One prominent criticism from environmental activists is that the draft version of the Environmental Impact Statement was rushed and that the Corps didn’t take enough into consideration when determining the impact of the mine on surrounding areas. Hamilton said that this was not the case, and that the investors of the project are the ones who would most like to see the process done right.

“Nobody wants the i’s dotted and the t’s crossed any more than the person who put in the permit,” Hamilton said. “That’s just a simple reality, a simple deduction.”

The plan for the scale of the mine has changed over the years, and Hamilton said that the Pebble Partnership has decided to reduce the size of the mine in the wake of this pressure. The mine is scheduled to operate for 20 years, which is also a reduction from the original proposal. Because of the reduced size, the mine will no longer be near the Upper Talarik Creek, Hamilton said.

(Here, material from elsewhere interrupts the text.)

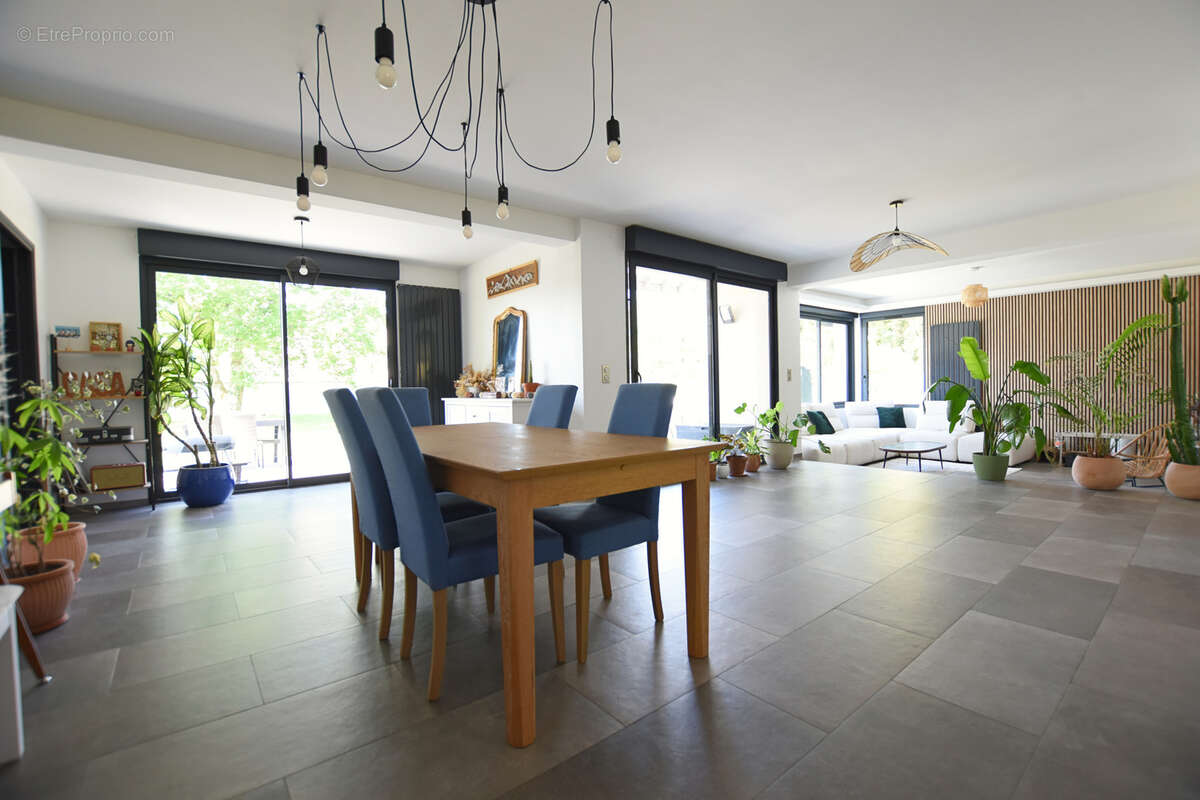 Maison à LES ESSARTS-LE-ROI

Hamilton asserted this means that the mine will not have a chance to impact that waterway, which flows into Lake Iliamna.

The mine will not use cyanide to extract gold deposits, Hamilton said, and there will be no waste rock piles that would need to be submerged in water to avoid becoming acidic.

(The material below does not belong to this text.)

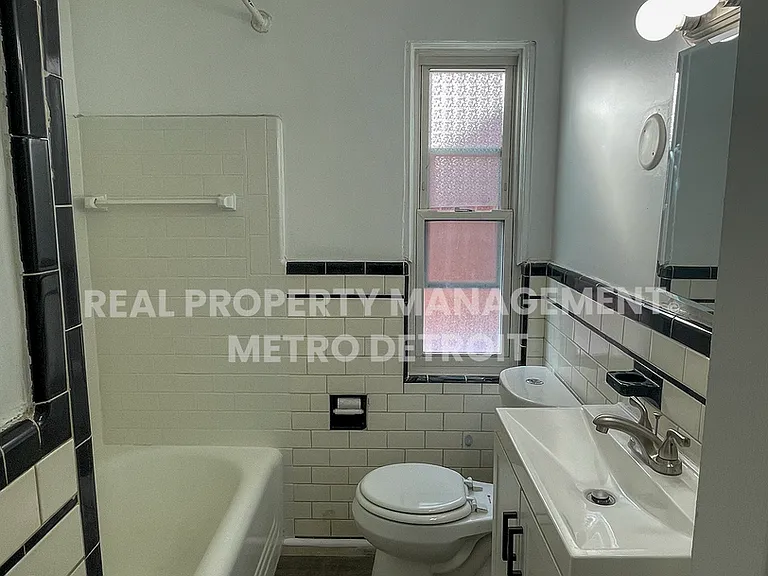 16210 Ferguson St — Photo 11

Hamilton also touched on the potential positive impact that the presence of the mine would have on communities in the Lake and Peninsula Borough. The road tariffs associated with the project, Hamilton said, would quadruple the borough’s budget, the mine would employ people from the area and the project would provide power to those communities at costs cheaper than what they currently pay.

Hamilton said that even though the Final EIS is expected to be released later this year, the process to acquire state permits could take another three years or more, meaning that any actual construction on the project will not be taking place any time soon.

“I like to tell people that a junior in high school today could get a master’s degree in mining and engineering before we produce our first piece of copper,” Hamilton said. “Pebble will fall into the same category that many many mines have, and that is, it will have taken more time to actually produce than the projected life of the mine. That’s how difficult it is to get a permit.”